Sa rhétorique de loi et d’ordre est illustrée par cette déclaration: «Nous ne sommes pas des libéraux au cœur tendre qui croient que tout le monde est capable de se racheter» et par des appels directs à «la frustration de nombreux policiers qui estiment que les systèmes bureaucratiques et les décisions politiques affaiblissent leur capacité à fonctionner». Ces policiers «méritent notre soutien».

Le WPB propose «une politique migratoire qui reflète l’anxiété ressentie par la classe ouvrière face à un afflux de migrants qui semble échapper à tout contrôle». Il dénonce les réfugiés au motif qu’ils submergent les services sociaux et répriment les salaires, et s’engage à «investir dans la sécurité des frontières, y compris en renforçant les patrouilles maritimes et côtières» afin de «maîtriser les chiffres».

Tout en affirmant être l’«ennemi indomptable des intérêts militaro-industriels internationaux recherchant les profits et ayant un intérêt dans la guerre», ils se vantent de vouloir «éviter la guerre [tout en veillant] également à y être préparés… Toute menace à l’encontre de notre pays ou de nos intérêts fera l’objet d’une réponse militaire hautement efficace».

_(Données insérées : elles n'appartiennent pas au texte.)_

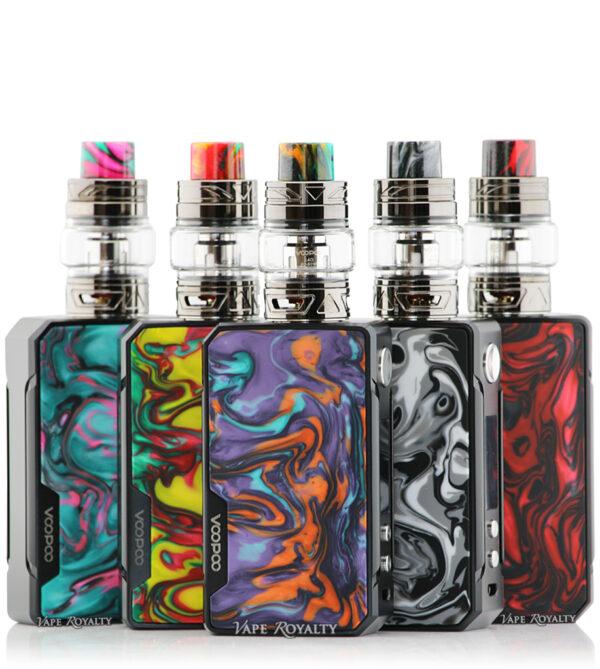 VOOPOO DRAG 2 177W & UFORCE T2 Kit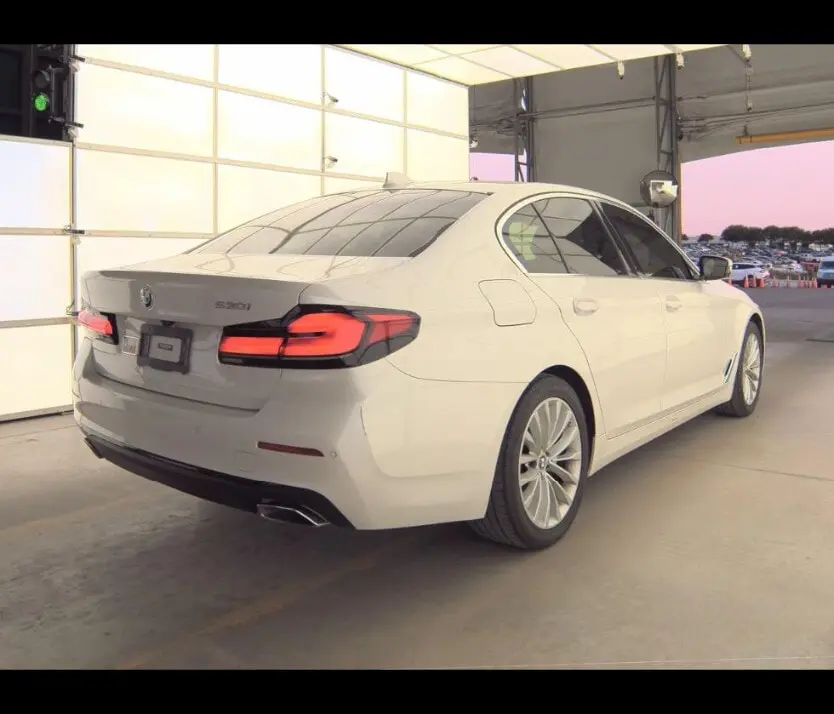 Florida Fine Cars - Used BMW 5 SERIES 2022 WEST PALM 530I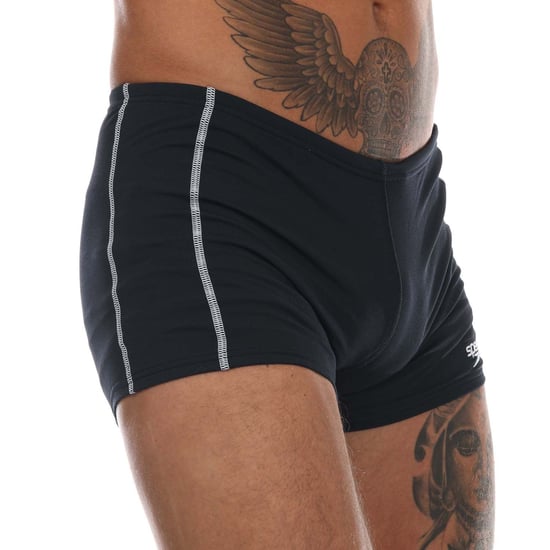 Men's Speedo Essentials Endurance+ Jammer in Navy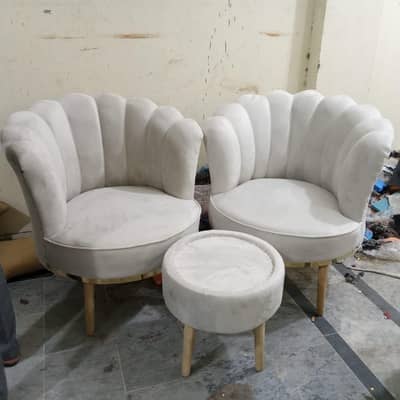 Coffee Chair Set (table included)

Le Socialist Equality Party (SEP – Parti l’égalité socialiste) rejette l’appel à aplanir les différences politiques pour provoquer un grand vote de protestation anti-travailliste à propos de Gaza. Ce n’est là que la dernière manifestation désespérée de l’insistance d’une myriade de tendances de la pseudo-gauche à pousser le Parti travailliste vers la gauche par une pression de masse, couplée à l’offre d’un éventuel nouveau parti de type Labour à un moment donné, formé par un regroupement politique sous la direction de divers ex-bureaucrates du Parti travailliste et des syndicats à discours de gauche.

Cela n’est rendu nécessaire que par l’échec lamentable de leur dernier projet collectif, qui consistait à soutenir Jeremy Corbyn comme moyen de réaliser la «transformation socialiste» du Parti travailliste. Ils en sont maintenant réduits à supplier Corbyn – qui refuse même de critiquer Starmer – de se présenter contre le Parti travailliste en tant que leur leader incontesté.

Le SEP rejette également le mensonge d’un vote du «moindre mal» pour le parti de Starmer, ou pour n’importe lequel de ses députés qui pourraient pour la forme soutenir un cessez-le-feu.

Nous présenterons aux élections législatives des candidats qui s'opposeront au parti uni de la guerre Tory/Labour et qui se battront sans ambiguïté pour un programme d'internationalisme socialiste. Nous lancerons un appel aux travailleurs, en particulier à la jeune génération, pour qu'ils rejoignent notre parti et s'engagent sur une nouvelle voie – la mobilisation systématique de la classe ouvrière britannique et internationale contre le génocide de Gaza, contre la guerre en Ukraine et au Moyen-Orient, pour s'opposer à toutes les attaques contre les droits démocratiques et à la destruction du niveau de vie des travailleurs.